Guide for cryptocurrency users and tax professionals

Cryptocurrency is a relatively new innovation that requires guidelines on taxation so that Canadians are aware of how to meet their tax obligations. The Senate reviewed the issue of taxation on cryptocurrency in 2014 and recommended action to help Canadians understand how to comply with their taxes, which the Canada Revenue Agency (CRA) is doing by presenting this guide.

Tax treatment of cryptocurrency for income tax purposes

Cryptocurrency is a type of alternative currency, such as Bitcoin, that is not legal tender. It is a digital asset, sometimes also referred to as a crypto asset or altcoin that works as a medium of exchange for goods and services between the parties who agree to use it. Strong encryption techniques are used to control how units of cryptocurrency are created and to verify transactions. Cryptocurrencies generally operate independently of a central bank, central authority or government.

The following pages outline the income tax implications of common transactions involving cryptocurrency. When we refer to cryptocurrency in this publication, we are talking about Bitcoin or other similar digital currencies.

Basic concepts

The CRA generally treats cryptocurrency like a commodity for purposes of the Income Tax Act. Any income from transactions involving cryptocurrency is generally treated as business income or as a capital gain, depending on the circumstances. Similarly, if earnings qualify as business income or as a capital gain then any losses are treated as business losses or capital losses.

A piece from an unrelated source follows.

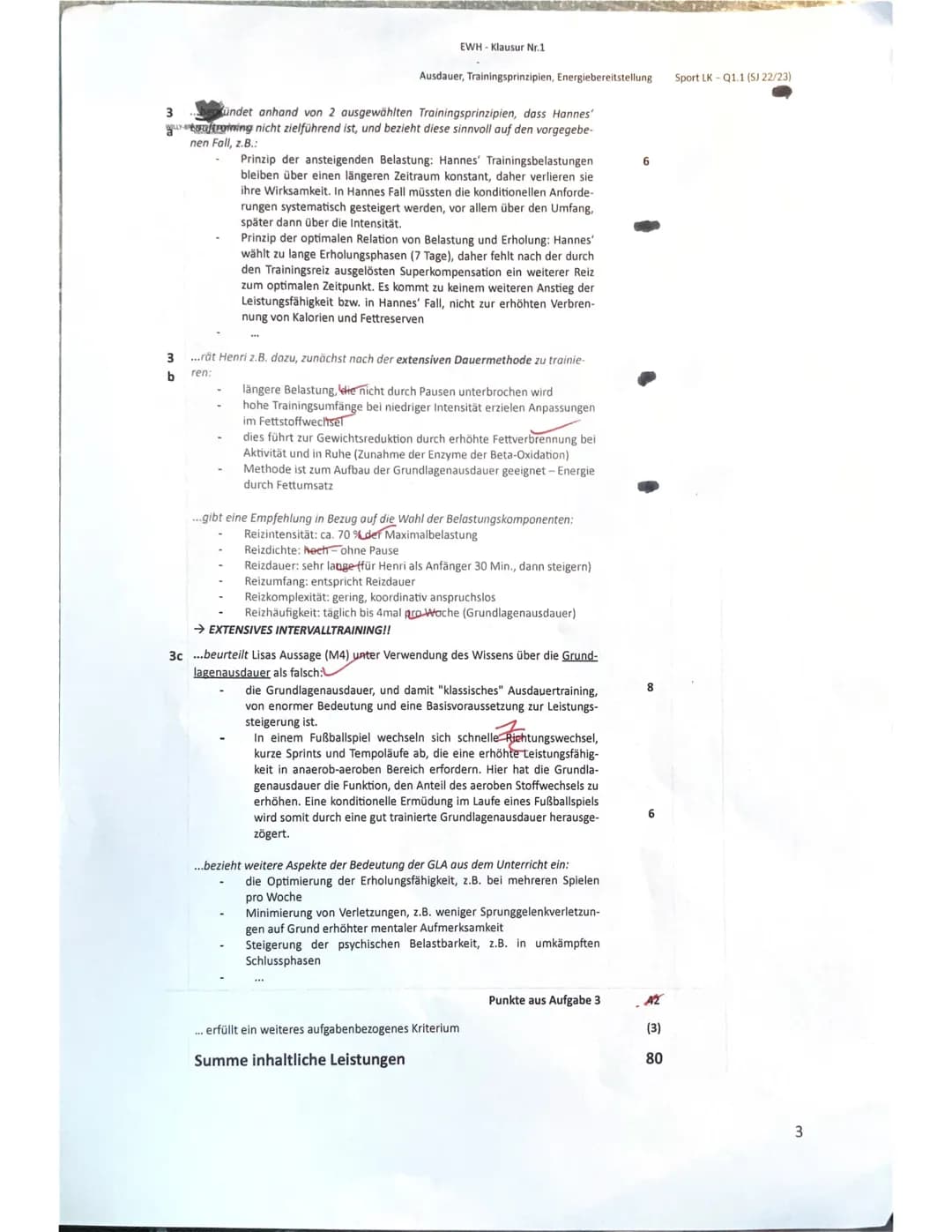 Name:
Klausur Nr.1
Ausdauer, Trainingsprinzipien, Energiebereitstellung Sport LK-Q1.1 (S) 22/23)
Sport Leistungskurs - Klausur Nr. 1
Aufgabe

Taxpayers have to establish if a cryptocurrency activity results in income or capital because this affects the way the revenue is treated for income tax purposes. Not all taxpayers who buy and sell cryptocurrency are carrying on business activity.

When you use cryptocurrency to pay for goods or services, the CRA treats it as a barter transaction for income tax purposes. A barter transaction occurs when two parties exchange goods or services and carry out that exchange without using legal currency. For more information, please review our archived content on barter transactions.

To figure out the value of a cryptocurrency transaction where a direct value cannot be determined, you must use a reasonable method. Keep records to show how you figured out the value. Generally, the CRA’s position is that the fair market value is the highest price, expressed in dollars that a willing buyer and a willing seller who are both knowledgeable, informed and prudent, and who are acting independently of each other, would agree to in an open and unrestricted market. For example, you could choose an exchange rate taken from the same exchange broker you are using or an average of midday values across a number of high-volume exchange brokers. Whichever method you choose, use it consistently.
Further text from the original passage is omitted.